Previous clinical studies have demonstrated that sensitivity to PARPi also occurs in tumor cells without gBRCA1/2m, indicating that the HRR pathway may be compromised by other mechanisms (e.g., mutation in other HRR genes and promoter methylation in BRCA1, PALB2 or RAD51C) (27). An estimated 50% of high-grade serous OC cases, which is considered the most common subtype of OC, has a deficiency in the HRR pathway (The Cancer Genome Atlas).
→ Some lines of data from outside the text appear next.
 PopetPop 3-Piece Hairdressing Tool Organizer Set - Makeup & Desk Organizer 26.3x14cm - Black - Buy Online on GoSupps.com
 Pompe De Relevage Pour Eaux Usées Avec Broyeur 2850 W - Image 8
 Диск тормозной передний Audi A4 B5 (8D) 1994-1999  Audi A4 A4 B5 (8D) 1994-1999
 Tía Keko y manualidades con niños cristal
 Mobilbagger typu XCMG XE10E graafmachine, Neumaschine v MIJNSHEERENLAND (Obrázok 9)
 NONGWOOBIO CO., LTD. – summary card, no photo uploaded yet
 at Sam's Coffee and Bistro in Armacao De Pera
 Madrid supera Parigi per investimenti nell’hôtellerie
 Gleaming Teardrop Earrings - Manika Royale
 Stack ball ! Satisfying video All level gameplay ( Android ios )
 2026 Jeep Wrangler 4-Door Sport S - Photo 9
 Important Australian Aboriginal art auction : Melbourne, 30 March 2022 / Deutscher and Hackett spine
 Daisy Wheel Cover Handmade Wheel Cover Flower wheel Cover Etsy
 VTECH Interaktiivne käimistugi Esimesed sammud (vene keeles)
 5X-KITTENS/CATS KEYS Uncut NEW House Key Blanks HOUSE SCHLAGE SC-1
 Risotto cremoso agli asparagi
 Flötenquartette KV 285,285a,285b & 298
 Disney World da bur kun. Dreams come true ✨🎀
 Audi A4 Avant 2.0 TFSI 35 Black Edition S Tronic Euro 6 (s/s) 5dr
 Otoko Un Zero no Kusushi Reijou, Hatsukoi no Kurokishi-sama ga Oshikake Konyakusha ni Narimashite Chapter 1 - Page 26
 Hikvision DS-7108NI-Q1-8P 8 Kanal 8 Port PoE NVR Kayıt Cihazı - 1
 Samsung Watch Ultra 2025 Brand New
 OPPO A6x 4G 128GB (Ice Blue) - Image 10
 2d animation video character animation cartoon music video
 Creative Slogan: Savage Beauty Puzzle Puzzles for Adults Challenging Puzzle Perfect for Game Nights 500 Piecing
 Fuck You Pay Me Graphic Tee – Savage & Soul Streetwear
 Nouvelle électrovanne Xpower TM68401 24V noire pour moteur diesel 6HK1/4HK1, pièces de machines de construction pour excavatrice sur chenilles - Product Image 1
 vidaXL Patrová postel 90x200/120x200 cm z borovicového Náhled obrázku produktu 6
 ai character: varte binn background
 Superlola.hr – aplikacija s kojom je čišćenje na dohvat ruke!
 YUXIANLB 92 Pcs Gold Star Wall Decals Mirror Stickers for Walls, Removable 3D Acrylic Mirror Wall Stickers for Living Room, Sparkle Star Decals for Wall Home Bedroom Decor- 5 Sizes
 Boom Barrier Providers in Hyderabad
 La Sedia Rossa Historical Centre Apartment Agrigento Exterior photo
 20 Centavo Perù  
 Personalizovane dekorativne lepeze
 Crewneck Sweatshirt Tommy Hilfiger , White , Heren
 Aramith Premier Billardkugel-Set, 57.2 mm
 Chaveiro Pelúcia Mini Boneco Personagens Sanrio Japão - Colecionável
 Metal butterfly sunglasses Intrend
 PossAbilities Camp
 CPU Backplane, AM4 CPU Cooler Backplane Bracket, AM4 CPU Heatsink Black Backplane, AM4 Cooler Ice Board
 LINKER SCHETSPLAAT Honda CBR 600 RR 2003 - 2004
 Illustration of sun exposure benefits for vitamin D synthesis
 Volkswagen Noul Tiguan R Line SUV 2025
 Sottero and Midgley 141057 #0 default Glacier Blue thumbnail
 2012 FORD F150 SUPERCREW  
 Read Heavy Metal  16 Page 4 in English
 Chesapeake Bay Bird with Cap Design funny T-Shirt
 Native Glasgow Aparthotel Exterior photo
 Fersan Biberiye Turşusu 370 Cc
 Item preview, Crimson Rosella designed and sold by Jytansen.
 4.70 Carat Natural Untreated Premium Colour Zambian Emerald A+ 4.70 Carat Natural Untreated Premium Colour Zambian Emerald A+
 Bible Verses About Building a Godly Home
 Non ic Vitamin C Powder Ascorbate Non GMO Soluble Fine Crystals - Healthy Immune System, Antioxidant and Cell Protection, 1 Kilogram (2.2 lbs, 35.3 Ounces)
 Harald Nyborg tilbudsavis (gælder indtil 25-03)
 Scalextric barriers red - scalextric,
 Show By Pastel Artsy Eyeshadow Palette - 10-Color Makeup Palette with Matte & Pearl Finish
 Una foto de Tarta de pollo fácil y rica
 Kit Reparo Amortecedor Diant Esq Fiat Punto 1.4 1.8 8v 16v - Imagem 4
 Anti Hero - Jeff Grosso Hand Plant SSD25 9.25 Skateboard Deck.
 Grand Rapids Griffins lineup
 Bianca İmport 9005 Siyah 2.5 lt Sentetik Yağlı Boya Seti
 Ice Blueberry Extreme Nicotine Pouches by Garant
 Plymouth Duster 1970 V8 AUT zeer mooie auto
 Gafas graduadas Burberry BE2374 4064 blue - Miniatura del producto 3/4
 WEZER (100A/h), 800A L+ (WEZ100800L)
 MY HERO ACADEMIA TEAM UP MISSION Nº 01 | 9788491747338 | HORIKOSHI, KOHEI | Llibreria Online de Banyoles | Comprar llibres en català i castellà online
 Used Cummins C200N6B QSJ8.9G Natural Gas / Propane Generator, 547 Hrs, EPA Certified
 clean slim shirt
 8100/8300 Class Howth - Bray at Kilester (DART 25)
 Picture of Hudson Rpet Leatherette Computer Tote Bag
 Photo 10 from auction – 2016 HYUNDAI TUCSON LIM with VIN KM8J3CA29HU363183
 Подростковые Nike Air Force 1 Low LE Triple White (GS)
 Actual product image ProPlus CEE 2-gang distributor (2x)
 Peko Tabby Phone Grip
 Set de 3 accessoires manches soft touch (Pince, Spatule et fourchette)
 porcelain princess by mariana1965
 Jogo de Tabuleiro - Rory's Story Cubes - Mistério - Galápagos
Therefore, PARPi are beneficial in a much wider proportion of OC patients rather than only BRCA1/2 mutation carriers (28). The present case stresses the importance of genetic testing for patients with OC. Several trials are in progress in order to assess PARPi in patients with a wide variety of BRCA-associated tumors (e.g., prostate and pancreatic cancer), patients with tumors caused by mutations in other genes involved in HRR, and those patients without favourable clinical characteristics (e.g., platinum-resistance). The results of these studies may shed more light on the selection of specific patient groups than may benefit from targeted PARPi treatment.